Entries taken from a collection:
———

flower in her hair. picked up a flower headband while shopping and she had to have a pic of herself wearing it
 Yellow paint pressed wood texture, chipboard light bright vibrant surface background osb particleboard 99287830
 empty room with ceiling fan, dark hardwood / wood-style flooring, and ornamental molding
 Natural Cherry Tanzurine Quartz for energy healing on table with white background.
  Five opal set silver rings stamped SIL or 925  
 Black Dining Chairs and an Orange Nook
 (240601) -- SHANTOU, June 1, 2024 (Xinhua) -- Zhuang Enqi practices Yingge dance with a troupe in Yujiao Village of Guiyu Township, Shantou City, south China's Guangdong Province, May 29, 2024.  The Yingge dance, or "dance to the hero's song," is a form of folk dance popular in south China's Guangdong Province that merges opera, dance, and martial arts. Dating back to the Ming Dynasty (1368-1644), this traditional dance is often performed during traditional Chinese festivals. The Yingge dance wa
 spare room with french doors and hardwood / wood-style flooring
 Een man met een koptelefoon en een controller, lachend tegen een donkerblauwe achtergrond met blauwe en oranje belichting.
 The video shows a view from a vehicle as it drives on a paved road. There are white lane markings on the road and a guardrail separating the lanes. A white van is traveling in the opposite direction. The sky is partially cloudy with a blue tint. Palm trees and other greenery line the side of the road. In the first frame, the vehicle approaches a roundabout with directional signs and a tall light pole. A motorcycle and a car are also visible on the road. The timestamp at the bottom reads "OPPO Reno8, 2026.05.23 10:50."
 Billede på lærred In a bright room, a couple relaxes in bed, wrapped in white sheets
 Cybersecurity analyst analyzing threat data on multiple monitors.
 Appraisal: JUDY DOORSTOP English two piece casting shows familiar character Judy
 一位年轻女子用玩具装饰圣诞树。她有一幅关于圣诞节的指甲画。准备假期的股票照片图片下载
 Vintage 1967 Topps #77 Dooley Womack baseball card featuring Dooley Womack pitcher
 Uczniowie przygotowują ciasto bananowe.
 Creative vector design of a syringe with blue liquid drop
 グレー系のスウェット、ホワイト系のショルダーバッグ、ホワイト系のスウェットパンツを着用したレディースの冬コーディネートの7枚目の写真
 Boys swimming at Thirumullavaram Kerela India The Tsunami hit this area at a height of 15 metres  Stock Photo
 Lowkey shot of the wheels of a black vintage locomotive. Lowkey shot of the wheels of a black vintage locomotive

———

WHAT IS EXPECTED » Write out the data a second time, exactly the same.

ANSWER SECTION »
flower in her hair. picked up a flower headband while shopping and she had to have a pic of herself wearing it
 Yellow paint pressed wood texture, chipboard light bright vibrant surface background osb particleboard 99287830
 empty room with ceiling fan, dark hardwood / wood-style flooring, and ornamental molding
 Natural Cherry Tanzurine Quartz for energy healing on table with white background.
  Five opal set silver rings stamped SIL or 925  
 Black Dining Chairs and an Orange Nook
 (240601) -- SHANTOU, June 1, 2024 (Xinhua) -- Zhuang Enqi practices Yingge dance with a troupe in Yujiao Village of Guiyu Township, Shantou City, south China's Guangdong Province, May 29, 2024.  The Yingge dance, or "dance to the hero's song," is a form of folk dance popular in south China's Guangdong Province that merges opera, dance, and martial arts. Dating back to the Ming Dynasty (1368-1644), this traditional dance is often performed during traditional Chinese festivals. The Yingge dance wa
 spare room with french doors and hardwood / wood-style flooring
 Een man met een koptelefoon en een controller, lachend tegen een donkerblauwe achtergrond met blauwe en oranje belichting.
 The video shows a view from a vehicle as it drives on a paved road. There are white lane markings on the road and a guardrail separating the lanes. A white van is traveling in the opposite direction. The sky is partially cloudy with a blue tint. Palm trees and other greenery line the side of the road. In the first frame, the vehicle approaches a roundabout with directional signs and a tall light pole. A motorcycle and a car are also visible on the road. The timestamp at the bottom reads "OPPO Reno8, 2026.05.23 10:50."
 Billede på lærred In a bright room, a couple relaxes in bed, wrapped in white sheets
 Cybersecurity analyst analyzing threat data on multiple monitors.
 Appraisal: JUDY DOORSTOP English two piece casting shows familiar character Judy
 一位年轻女子用玩具装饰圣诞树。她有一幅关于圣诞节的指甲画。准备假期的股票照片图片下载
 Vintage 1967 Topps #77 Dooley Womack baseball card featuring Dooley Womack pitcher
 Uczniowie przygotowują ciasto bananowe.
 Creative vector design of a syringe with blue liquid drop
 グレー系のスウェット、ホワイト系のショルダーバッグ、ホワイト系のスウェットパンツを着用したレディースの冬コーディネートの7枚目の写真
 Boys swimming at Thirumullavaram Kerela India The Tsunami hit this area at a height of 15 metres  Stock Photo
 Lowkey shot of the wheels of a black vintage locomotive. Lowkey shot of the wheels of a black vintage locomotive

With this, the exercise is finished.